Em depoimentos à Comissão Parlamentar de Inquérito (CPI) que investiga a ação/omissão do Estado nos casos de violência praticados contra os povos indígenas entre 2000 e 2015, o coordenador regional da Funai (Fundação Nacional do Índio) de Dourados, Vander Nishijima e o professor e antropólogo Antônio Hilário Aguilera Urquiza consideraram que há, historicamente, omissão do poder público em diversos contextos que envolvem os índios de Mato Grosso do Sul.
O presidente da Comissão, deputado João Grandão (PT), reforçou que a CPI colhe depoimentos sobre os diversos casos de violência, "não somente a violência física, mas a psicológica e a de privação de direitos, por exemplo".
Licenciamento
O Conselho Nacional do Meio Ambiente (Conama) estabelece, por meio da Resolução 237/97, que obras públicas, como estradas e anéis viários, devam ser construídas observando-se um raio mínimo de 10 quilômetros de distância das aldeias indígenas.

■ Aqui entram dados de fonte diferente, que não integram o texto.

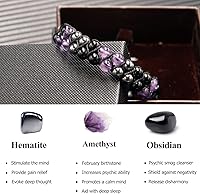 Vista 5 de Triple Protection Bracelet for Women, Genuine Healing Crystal Bracelet Amethyst Black Obsidian Hematite 6mm, Pyramid Energy Crystal Beads Bracelet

Segundo Nishijima, houve, por parte do Estado, violações claras desta normativa em pelo menos três obras em Mato Grosso do Sul: na duplicação da MS-156 (Dourados-Japorã); na BR-463 (Dourados-Ponta Porã); e na MS 180, em Juti, próximo da aldeia indígena Jarará).
"O Estado construiu rodovias passando por dentro de terras indígenas. A MS-156 atravessa mais de quatro quilômetros a Aldeia Jaguapiru. Com isso, esses indígenas perderam 12 hectares sem que houvesse, sequer, compensação de terra como a Lei garante. Sem falar dos atropelamentos e mais de dez moradias ao lado da rodovia que ficaram alagadas com as chuvas. E isso é falta de segurança", disse.
De acordo com o representante da Funai, que responde pela jurisdição da região da Grande Dourados, a autarquia tem feito sua parte nesse sentido. Para isso, citou um outro exemplo, a construção do Anel Viário de Dourados, com 25 quilômetros de extensão. "Esse é um empreendimento do Governo do Estado com gestão da Agesul e licenciamento ambiental do Imasul. Há comunidades indígenas nas redondezas e a Funai convidou o Imasul desde o início do processo, em 2010, encaminhou ofícios em várias outras oportunidades para a discussão das competências de cada um. Mas o Imasul foi omisso no diálogo e não compareceu", denunciou Nishijima, que relembrou o atropelamento que resultou na morte de um indígena por uma carreta no trecho do Anel conhecido como Perimetral Norte, em 22 setembro de 2015. Na ocasião, indígenas bloquearam um trecho da rodovia e protestaram também contra a falta de sinalização.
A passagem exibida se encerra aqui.